◆ **Task prompt**:
Could you write out, exactly, every line from the top of the data through the line holding "Raquete De Ping"? Omit the pictures.

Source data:

== == ==

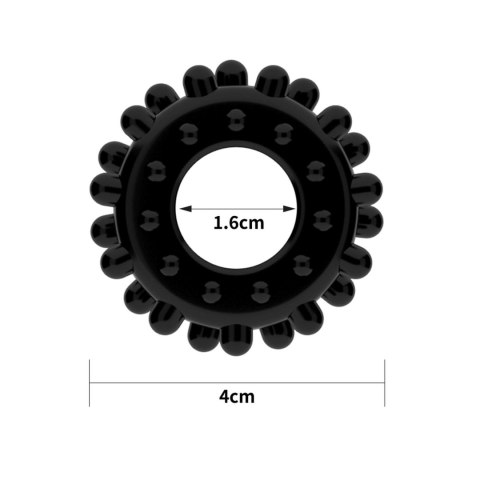 POWER PLUS Cockring Black POWER PLUS Cockring Black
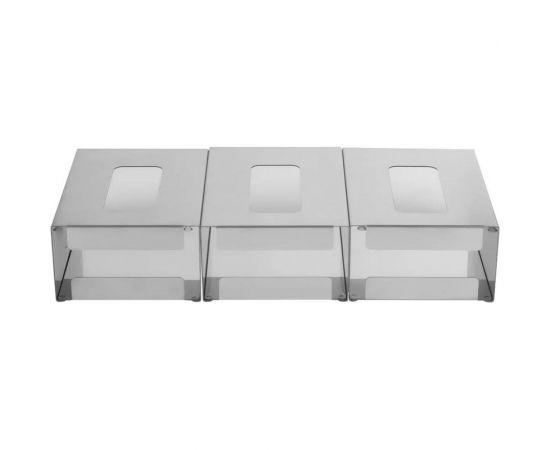 Трехсекционный диспенсер для перчаток ООО ЦЕНТР ПИЩЕВОГО ОБОРУДОВАНИЯ D-003 – изображение 3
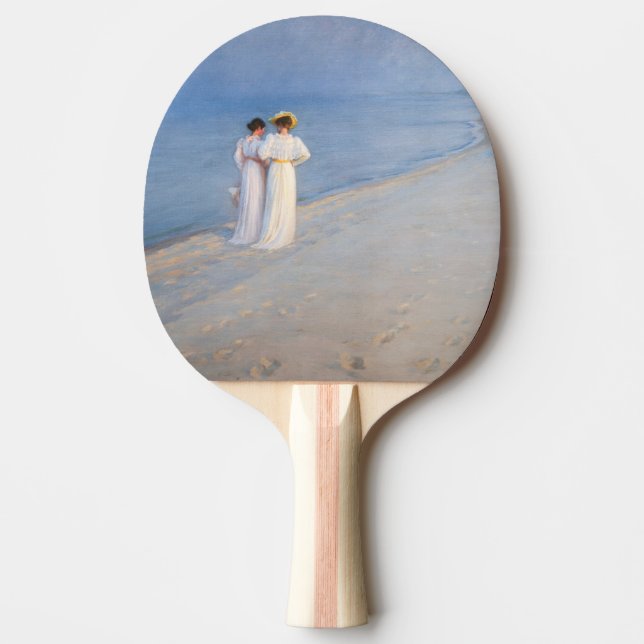 Raquete De Ping Pong Kroyer - Noite de Verão em Skagen Beach (Frente)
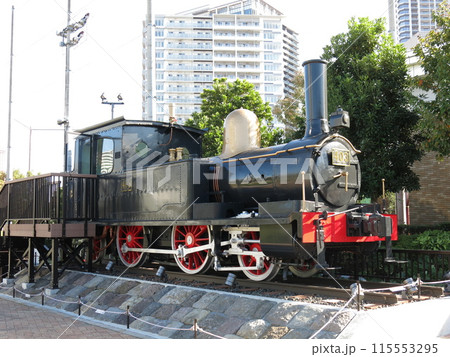 江東区の豊洲六丁目第二公園に静態保存されている鉄道院403号(西武鉄道4号)蒸気機関車 江東区の豊洲六丁目第二公園に静態保存されている鉄道院403号(西武鉄道4号)蒸気機関車 115553295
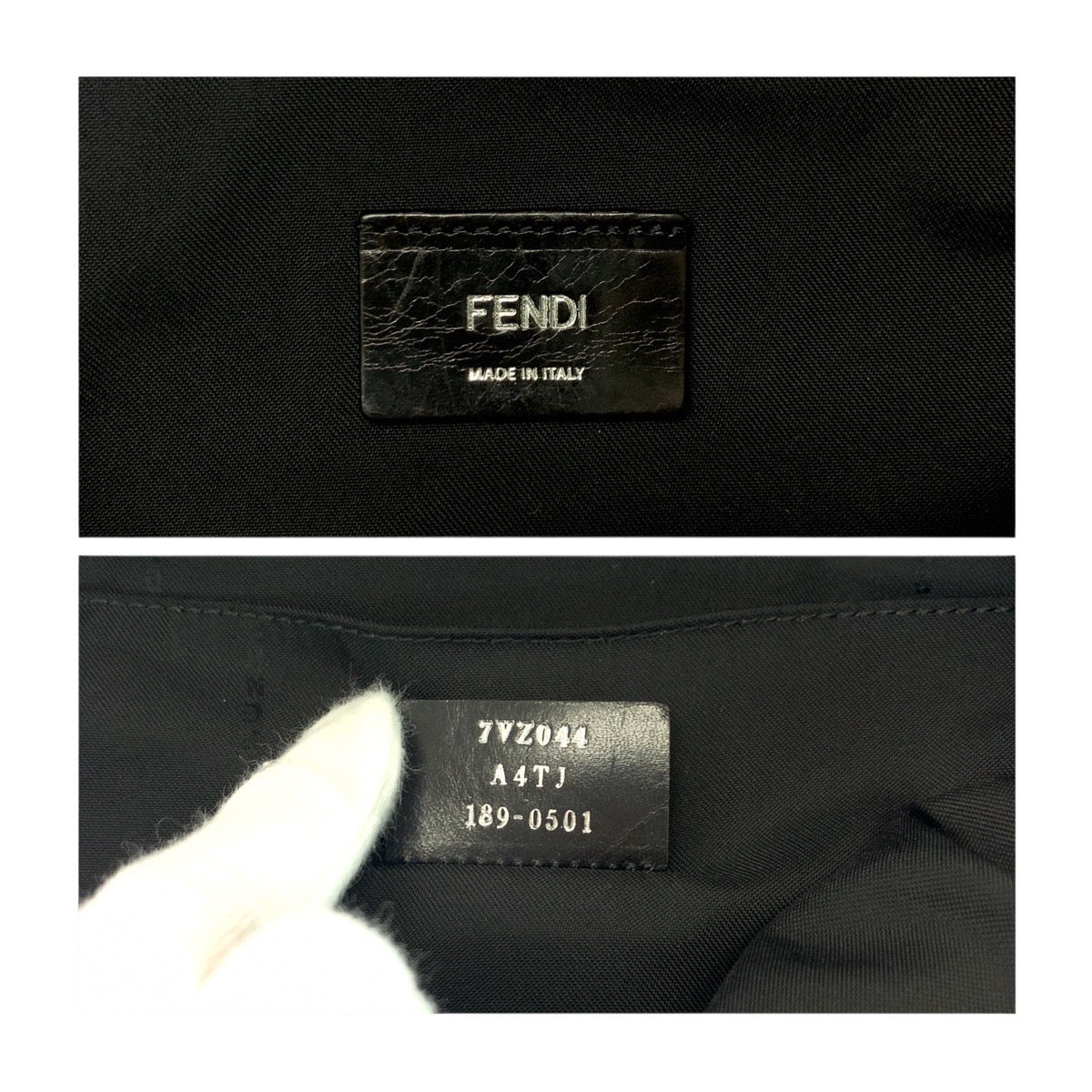 Fendi 7VZ044 Canvas Backpack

== == ==

◆ **Answer below**:
 POWER PLUS Cockring Black POWER PLUS Cockring Black
 Трехсекционный диспенсер для перчаток ООО ЦЕНТР ПИЩЕВОГО ОБОРУДОВАНИЯ D-003 – изображение 3
 Raquete De Ping Pong Kroyer - Noite de Verão em Skagen Beach (Frente)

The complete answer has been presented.